Trump FTC pick seen as mixed bag for data privacy enforcement

President-elect Donald Trump’s choice to chair the Federal Trade Commission (FTC) has attacked data brokers, lamented the end of privacy and lambasted Big Tech. But he has also criticized the very agency he is about to take over. 

Commissioner Andrew Ferguson, the former solicitor general of Virginia, was announced as the replacement for current FTC Chair Lina Khan on Tuesday. 

Under Khan and the current Democratic majority, the FTC has cracked down on data brokers trafficking in individuals’ sensitive information and the improper use of facial recognition technology.

Ferguson has voted in favor of every privacy-related enforcement since he began his tenure as a commissioner in April, but a leaked memo he wrote to Trump and his official statements on a range of FTC actions suggest he will diverge from Khan’s approach in important ways.

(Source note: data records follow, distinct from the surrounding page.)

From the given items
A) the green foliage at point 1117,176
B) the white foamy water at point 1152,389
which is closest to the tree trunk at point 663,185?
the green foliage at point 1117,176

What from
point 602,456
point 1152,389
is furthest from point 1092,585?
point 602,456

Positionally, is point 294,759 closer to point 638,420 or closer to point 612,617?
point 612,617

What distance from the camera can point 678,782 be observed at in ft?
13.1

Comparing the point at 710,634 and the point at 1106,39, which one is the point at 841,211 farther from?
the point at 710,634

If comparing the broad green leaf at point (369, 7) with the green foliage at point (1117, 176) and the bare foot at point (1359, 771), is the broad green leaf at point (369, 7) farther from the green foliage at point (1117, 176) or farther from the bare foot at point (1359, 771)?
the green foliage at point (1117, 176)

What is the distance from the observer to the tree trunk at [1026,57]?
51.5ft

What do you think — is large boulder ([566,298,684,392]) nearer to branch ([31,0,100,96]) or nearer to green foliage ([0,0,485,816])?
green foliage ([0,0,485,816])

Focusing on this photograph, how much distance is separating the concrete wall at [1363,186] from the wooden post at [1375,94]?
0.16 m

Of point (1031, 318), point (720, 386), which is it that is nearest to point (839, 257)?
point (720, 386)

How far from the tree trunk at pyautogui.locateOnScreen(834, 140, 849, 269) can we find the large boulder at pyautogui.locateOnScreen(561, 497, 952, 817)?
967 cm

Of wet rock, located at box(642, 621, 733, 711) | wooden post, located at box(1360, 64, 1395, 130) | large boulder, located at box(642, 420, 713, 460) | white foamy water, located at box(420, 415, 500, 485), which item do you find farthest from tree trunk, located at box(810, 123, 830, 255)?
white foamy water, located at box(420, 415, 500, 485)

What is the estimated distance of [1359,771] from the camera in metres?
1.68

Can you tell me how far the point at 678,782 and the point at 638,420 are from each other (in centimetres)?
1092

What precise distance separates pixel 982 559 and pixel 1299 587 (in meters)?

In the memo, Ferguson told Trump that under his stewardship the agency would “stop abusing FTC enforcement authorities as a substitute for comprehensive privacy legislation.”

“No more novel and legally dubious consumer protection cases,” the memo, first reported by Punchbowl News, said.

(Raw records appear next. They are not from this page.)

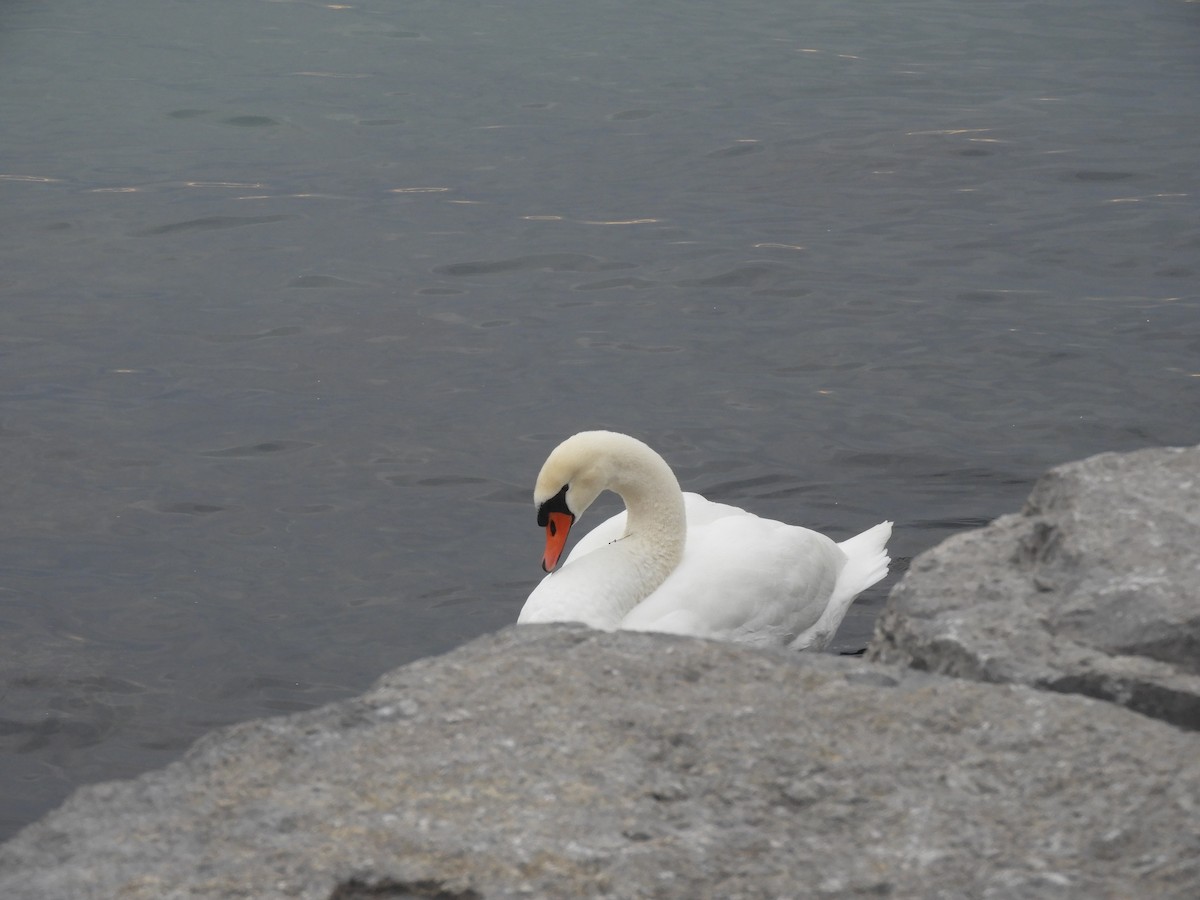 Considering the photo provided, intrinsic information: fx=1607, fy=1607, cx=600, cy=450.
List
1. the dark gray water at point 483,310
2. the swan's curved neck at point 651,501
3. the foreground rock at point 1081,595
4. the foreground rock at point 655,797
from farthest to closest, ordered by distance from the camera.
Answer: the dark gray water at point 483,310
the swan's curved neck at point 651,501
the foreground rock at point 1081,595
the foreground rock at point 655,797

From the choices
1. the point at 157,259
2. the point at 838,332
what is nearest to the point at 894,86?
the point at 838,332

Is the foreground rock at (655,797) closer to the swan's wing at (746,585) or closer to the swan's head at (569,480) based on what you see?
the swan's wing at (746,585)

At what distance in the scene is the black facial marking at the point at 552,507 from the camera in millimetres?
5727

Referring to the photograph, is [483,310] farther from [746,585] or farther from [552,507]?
[746,585]

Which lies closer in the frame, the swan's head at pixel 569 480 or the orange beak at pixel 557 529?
the swan's head at pixel 569 480

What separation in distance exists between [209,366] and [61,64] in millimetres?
7211

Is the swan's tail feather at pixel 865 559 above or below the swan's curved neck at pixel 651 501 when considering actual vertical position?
below

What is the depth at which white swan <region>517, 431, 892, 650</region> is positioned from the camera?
5355 millimetres

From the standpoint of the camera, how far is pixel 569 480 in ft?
18.8

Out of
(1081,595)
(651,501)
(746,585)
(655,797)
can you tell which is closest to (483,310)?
(651,501)

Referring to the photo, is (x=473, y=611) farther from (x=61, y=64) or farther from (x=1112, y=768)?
(x=61, y=64)

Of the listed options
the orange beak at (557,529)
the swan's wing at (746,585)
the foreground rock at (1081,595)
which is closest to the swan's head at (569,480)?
the orange beak at (557,529)

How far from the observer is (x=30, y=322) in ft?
29.3

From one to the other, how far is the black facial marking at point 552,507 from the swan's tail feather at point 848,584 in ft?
3.13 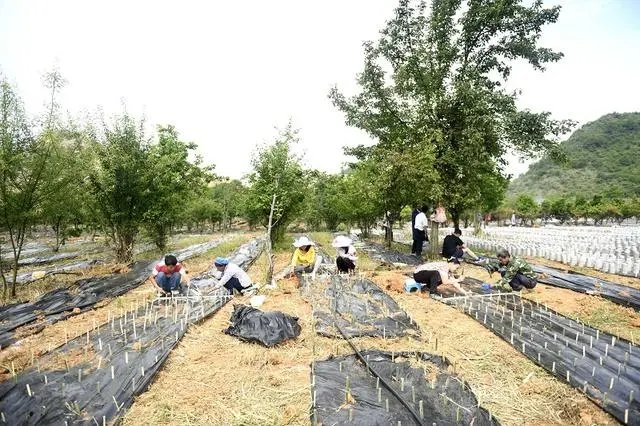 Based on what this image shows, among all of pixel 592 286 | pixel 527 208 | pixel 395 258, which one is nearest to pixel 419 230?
pixel 395 258

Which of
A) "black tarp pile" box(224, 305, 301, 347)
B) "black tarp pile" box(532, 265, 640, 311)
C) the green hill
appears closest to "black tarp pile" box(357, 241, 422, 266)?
"black tarp pile" box(532, 265, 640, 311)

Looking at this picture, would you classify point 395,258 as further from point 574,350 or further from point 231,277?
point 574,350

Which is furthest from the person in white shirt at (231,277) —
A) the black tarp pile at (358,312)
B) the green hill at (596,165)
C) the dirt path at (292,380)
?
the green hill at (596,165)

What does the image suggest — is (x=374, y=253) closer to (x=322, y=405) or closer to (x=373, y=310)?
(x=373, y=310)

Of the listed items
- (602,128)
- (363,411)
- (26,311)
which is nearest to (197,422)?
(363,411)

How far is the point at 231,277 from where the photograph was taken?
801 cm

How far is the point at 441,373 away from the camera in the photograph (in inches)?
163

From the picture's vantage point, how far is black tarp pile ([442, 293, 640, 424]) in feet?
12.3

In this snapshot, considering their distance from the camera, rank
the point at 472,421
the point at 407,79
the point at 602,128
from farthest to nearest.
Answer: the point at 602,128, the point at 407,79, the point at 472,421

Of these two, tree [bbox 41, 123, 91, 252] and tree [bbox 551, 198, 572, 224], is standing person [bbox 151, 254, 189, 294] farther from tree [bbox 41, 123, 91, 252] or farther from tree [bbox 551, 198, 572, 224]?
tree [bbox 551, 198, 572, 224]

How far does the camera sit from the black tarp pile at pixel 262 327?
209 inches

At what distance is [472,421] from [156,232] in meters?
17.2

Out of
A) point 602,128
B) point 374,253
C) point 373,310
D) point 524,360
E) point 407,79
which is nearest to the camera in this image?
point 524,360

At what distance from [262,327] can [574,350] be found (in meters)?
4.34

Although Ferguson has said the collection and sale of data leads to troubling surveillance of individuals, he also has made clear that he believes Congress should lead the charge by enacting privacy laws and that the FTC should not fill the void.

“Commissioner Ferguson has made no secret of his preference for Congress, rather than the FTC, to set clear privacy guardrails,” said Cobun Zweifel-Keegan, managing director at the International Association of Privacy Professionals. “This means rulemaking activities at the Commission are likely to be deprioritized.”

Privacy advocates fear this deprioritization could kill a particularly significant effort by the agency to establish a commercial surveillance and data security rule. The agency has been working on the proposed rule since August 2022 but has not yet published it. It is said to focus on data security, data minimization and algorithmic accountability. Experts believe it is likely to be abandoned by a Ferguson-led agency.

Even as advocates see promise when it comes to the likelihood of a continued crackdown on data brokers, Ferguson also has emphasized that he strongly believes the FTC under Khan has overstepped its authority, including on privacy enforcements.

In a statement about a recent enforcement action against location data brokers, Ferguson wrote that the other commissioners erroneously view the FTC Act, which bans unfair or deceptive business practices, as “a comprehensive privacy law.”

“Comprehensive privacy regulation involves difficult choices and expensive tradeoffs. Congress alone can make those choices and tradeoffs,” he wrote.

“We must not stray from the bounds of the law.”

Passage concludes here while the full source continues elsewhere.